A última semana foi fértil em movimentações no mercado do surf. Assistimos a propostas de compra e venda consecutivas das maiores marcas do segmento, contratações e despedimentos, desenvolvimento e inovação num contraste directo com a tendência retro, tudo isto acontece de uma forma vigorosa e bastante veloz, mostrando o crescimento insustentável de um negócio do qual ainda não se tem noção de até onde pode chegar.
Das muitas notícias que vieram à baila, a mudança de estratégia da Nike, foi a que suscitou mais burburinho. Depois de perspectivar um valor de mercado de 380 milhões de “dollars”, assumindo a sua duplicação em 5 anos, era esperado que a Nike tivesse vindo para ficar. Todavia, este é um paradigma novo na indústria dos sonhos, no mundo real os cêntimos investidos tem que ser convertidos em ganhos reais e se assim não for refunda-se a estratégia – como o outro diz. Ainda não foram tornados públicos os resultados do investimento da Nike do último ano fiscal, mas com certeza que esta opção não foi feita sem escrutínio profundo de um cenário vindouro. É importante referir, que a Nike divide as suas operações em vários segmentos (futebol, fitness, atletics, etc) e que os action sports são os únicos onde existe margem clara de crescimento, tanto em mercado, com em notoriedade global da marca.

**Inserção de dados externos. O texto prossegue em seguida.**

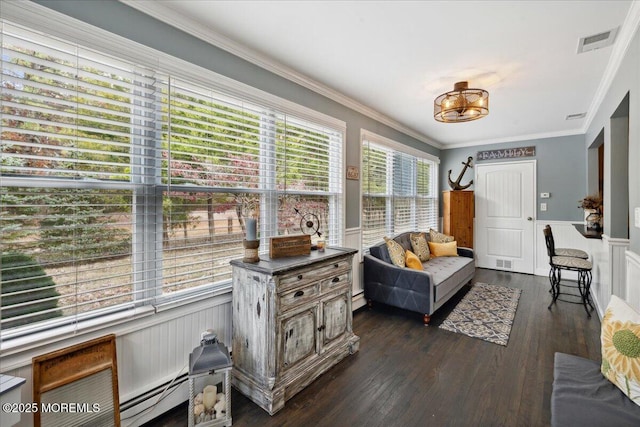 interior space with a wainscoted wall, a baseboard radiator, visible vents, dark wood-type flooring, and ornamental molding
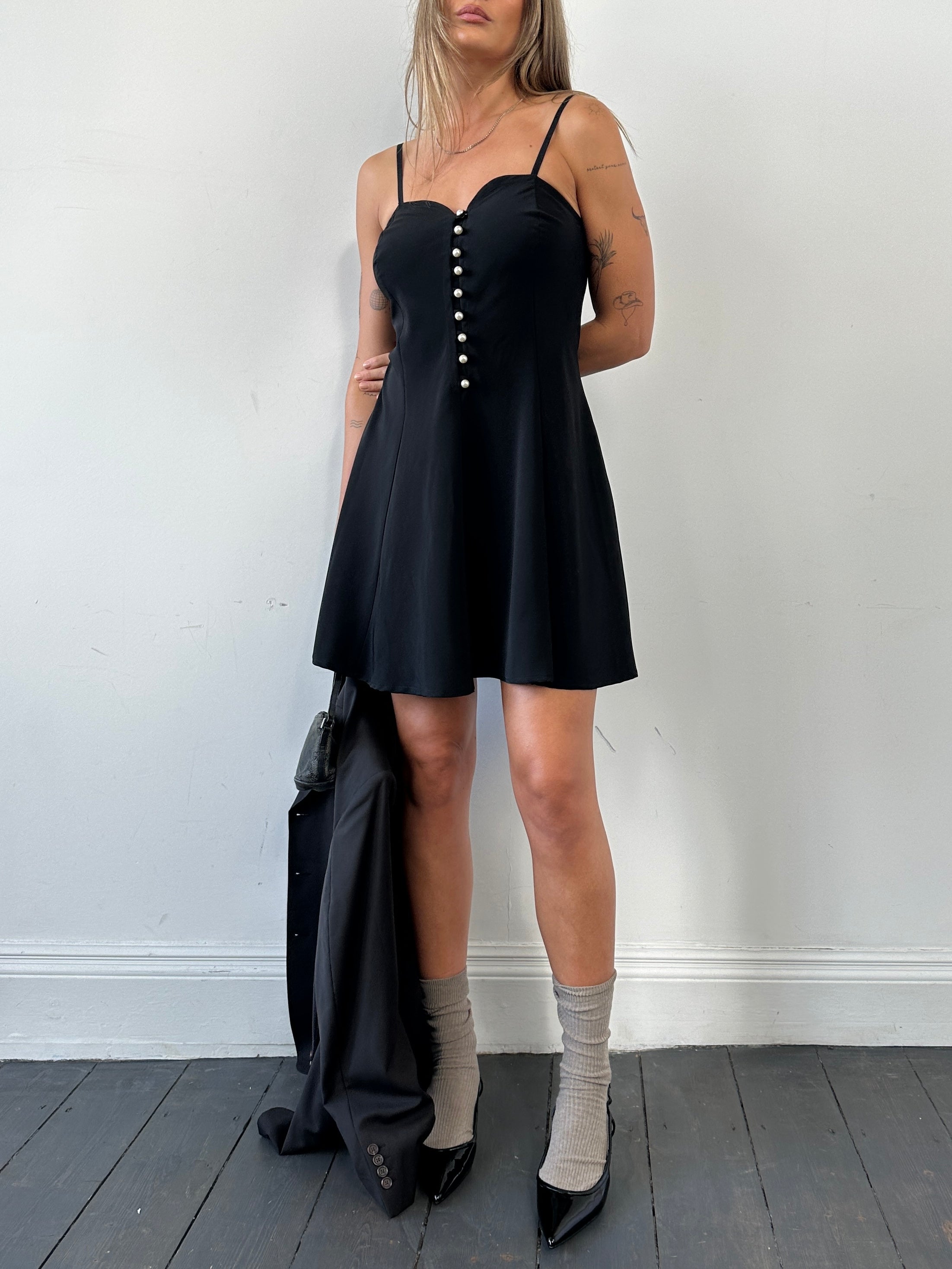 Vintage Italian vintage sweetheart neckline mini dress in size M, featuring elegant fabric and classic design.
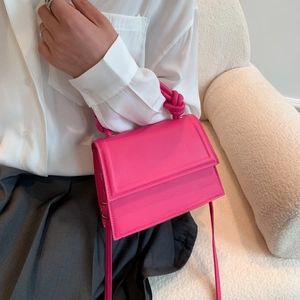 Vibrant rose pink knotted handbag with crossbody strap shown in a minimalist setting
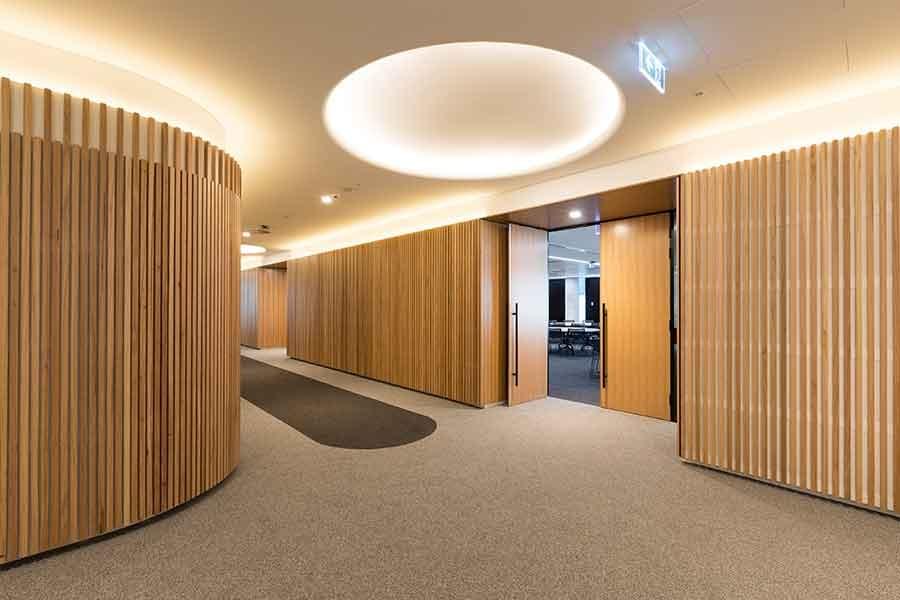 Stylish interior timber cladding enhancing warmth and aesthetics. Stylish interior timber cladding enhancing warmth and aesthetics.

Este é um dos primeiros cenários de abrandamento de uma marca não endémica que procurou no surf o que encontrou no skate há uns anos atrás, uma abordagem que foi extraordinariamente trabalhada, aliás à semelhança do surf, e que obteve resultados não imediatos, mas consistentes.
Sendo o skate e o seu mercado tão específicos e únicos, porque será que os resultados são tão positivos? Tendo o surf atingindo a sua maturidade e seguramente a sua globalidade, porque é que não há uma perspectiva de crescimento a longo prazo como marca que intervêm em todos os segmentos (técnico, vestuário, acessórios, etc)?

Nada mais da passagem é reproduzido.